203: Clause 23, page 38, line 2, at end insert-
“14Y1 Duty as to addiction to prescribed drugs
(1) Each clinical commissioning group shall have a duty to provide services to those suffering from addiction and withdrawal from prescribed drugs.
(2) In fulfilling this duty, clinical commissioning groups must co-operate with and take account of the work of non-governmental organisations.”
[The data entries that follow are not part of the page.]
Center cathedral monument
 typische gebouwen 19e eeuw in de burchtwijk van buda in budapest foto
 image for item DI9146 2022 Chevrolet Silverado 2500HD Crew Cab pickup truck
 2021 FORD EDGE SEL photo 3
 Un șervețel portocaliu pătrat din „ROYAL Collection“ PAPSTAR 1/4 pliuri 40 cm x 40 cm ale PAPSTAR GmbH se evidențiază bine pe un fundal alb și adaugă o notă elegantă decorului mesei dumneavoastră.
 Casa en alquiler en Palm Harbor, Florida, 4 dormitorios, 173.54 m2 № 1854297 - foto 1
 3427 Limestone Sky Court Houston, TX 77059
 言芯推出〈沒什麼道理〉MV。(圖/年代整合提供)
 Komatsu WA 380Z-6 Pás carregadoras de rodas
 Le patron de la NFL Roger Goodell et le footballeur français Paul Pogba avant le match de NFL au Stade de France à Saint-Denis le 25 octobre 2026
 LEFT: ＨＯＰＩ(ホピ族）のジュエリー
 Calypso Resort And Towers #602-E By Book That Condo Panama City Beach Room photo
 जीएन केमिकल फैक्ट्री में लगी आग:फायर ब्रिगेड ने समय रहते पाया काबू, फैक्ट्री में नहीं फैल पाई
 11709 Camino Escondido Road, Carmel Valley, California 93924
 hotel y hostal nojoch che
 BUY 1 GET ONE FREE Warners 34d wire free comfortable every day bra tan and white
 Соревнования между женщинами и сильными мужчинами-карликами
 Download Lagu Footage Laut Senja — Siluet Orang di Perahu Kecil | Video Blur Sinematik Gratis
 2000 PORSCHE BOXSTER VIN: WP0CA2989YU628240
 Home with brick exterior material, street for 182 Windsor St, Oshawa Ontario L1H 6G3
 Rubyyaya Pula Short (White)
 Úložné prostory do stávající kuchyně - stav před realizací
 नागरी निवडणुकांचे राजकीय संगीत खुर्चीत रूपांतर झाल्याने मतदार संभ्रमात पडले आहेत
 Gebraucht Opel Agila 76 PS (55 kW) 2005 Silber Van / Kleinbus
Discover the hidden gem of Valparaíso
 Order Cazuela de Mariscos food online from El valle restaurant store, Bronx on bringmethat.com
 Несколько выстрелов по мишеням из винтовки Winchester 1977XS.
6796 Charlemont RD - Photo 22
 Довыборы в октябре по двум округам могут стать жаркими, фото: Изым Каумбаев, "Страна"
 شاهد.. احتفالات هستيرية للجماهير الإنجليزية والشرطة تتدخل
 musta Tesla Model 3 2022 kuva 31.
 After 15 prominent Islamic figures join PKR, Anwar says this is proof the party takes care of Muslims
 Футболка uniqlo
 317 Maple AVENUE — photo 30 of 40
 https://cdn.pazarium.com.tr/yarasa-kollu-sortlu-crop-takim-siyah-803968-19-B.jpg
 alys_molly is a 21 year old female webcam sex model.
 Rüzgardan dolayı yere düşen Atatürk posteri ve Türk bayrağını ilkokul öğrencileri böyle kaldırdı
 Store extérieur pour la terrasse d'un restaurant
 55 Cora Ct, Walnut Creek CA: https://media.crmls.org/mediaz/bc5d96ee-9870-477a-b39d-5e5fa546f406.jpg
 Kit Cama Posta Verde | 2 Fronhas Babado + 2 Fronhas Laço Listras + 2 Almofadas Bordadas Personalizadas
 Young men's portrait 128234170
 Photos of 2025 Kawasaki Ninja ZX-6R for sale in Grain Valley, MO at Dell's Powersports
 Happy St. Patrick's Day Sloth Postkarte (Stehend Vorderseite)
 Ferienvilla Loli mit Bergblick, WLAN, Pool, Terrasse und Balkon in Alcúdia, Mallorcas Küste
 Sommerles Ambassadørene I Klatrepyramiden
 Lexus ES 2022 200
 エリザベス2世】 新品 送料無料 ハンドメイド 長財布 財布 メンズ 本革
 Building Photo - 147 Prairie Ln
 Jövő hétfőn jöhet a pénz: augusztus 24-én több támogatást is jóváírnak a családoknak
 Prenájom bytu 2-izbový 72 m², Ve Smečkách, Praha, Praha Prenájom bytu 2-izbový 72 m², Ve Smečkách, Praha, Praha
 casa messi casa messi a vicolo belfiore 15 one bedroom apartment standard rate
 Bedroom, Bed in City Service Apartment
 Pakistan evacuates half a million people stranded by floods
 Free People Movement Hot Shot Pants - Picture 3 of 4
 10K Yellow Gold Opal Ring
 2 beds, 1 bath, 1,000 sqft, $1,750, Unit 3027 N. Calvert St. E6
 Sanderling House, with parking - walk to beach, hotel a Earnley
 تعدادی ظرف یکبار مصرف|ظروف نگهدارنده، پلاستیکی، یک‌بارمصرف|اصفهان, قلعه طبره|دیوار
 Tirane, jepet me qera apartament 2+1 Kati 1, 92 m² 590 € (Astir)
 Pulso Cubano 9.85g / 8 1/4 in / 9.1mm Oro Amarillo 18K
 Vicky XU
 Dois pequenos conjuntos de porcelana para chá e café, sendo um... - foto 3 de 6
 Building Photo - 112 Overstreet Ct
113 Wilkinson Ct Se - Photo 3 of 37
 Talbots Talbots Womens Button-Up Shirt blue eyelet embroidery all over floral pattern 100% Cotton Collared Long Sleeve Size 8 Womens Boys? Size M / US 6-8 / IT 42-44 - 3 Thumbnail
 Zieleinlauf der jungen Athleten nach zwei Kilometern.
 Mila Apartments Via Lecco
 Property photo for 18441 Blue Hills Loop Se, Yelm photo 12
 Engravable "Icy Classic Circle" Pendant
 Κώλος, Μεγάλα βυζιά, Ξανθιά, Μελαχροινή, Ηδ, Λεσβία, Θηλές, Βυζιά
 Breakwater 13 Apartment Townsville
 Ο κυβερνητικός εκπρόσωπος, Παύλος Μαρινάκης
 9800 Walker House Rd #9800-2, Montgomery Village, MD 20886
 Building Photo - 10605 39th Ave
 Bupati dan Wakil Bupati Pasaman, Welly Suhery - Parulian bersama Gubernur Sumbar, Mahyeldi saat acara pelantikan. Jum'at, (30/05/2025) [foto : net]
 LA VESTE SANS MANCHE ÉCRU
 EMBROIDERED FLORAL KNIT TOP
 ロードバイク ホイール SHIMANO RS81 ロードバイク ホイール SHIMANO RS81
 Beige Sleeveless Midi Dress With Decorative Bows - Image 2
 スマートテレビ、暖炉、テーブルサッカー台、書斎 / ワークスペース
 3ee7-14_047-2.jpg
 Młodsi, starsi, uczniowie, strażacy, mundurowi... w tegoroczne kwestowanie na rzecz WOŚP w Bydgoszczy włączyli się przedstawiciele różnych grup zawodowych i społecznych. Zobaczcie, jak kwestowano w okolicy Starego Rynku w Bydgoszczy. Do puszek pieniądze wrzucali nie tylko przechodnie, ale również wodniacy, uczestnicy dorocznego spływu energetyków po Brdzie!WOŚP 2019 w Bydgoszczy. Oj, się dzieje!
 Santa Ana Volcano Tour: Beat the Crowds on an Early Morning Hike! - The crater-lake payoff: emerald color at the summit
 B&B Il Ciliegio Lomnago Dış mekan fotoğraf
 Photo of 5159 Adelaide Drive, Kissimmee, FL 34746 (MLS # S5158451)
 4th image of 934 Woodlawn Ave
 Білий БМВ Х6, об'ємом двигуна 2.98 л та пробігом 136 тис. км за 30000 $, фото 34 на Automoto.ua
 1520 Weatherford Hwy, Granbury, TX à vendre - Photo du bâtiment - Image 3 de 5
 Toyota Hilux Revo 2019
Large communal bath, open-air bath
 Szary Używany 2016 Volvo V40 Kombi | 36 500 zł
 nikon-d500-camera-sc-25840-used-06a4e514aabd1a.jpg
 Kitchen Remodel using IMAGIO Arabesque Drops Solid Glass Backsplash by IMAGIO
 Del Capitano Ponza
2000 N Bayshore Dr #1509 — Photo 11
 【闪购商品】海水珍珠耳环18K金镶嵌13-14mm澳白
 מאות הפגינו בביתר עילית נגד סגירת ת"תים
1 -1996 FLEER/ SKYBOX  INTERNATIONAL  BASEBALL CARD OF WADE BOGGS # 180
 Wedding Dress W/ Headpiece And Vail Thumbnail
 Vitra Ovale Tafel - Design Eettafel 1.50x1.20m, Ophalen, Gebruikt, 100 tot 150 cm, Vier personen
The Earl of Sandwich: My Lords, the Minister already knows that, in moving the amendment, I use the example of the dangers of prescribed drugs and the urgent need to commission services for those suffering from addiction and withdrawal. This amendment follows the interesting amendment of the noble Lord, Lord Rooker, on Monday. I am sorry that I could not support him in his attempt at a Division because he said a lot of interesting things, although I know that this has become an historic occasion. That amendment pointed to the advantages of building on the work of voluntary organisations, especially those in the vanguard of meeting a particular need, as they are in this case. I know that the Minister has given an answer, that the board and clinical commissioning may want to find work that will assist in the effective commissioning of services:
“For instance, the board may provide funding to voluntary organisations with particular expertise in the provision of support to people with rare specialist conditions”.-[Official Report, 28/11/2011; col. 119].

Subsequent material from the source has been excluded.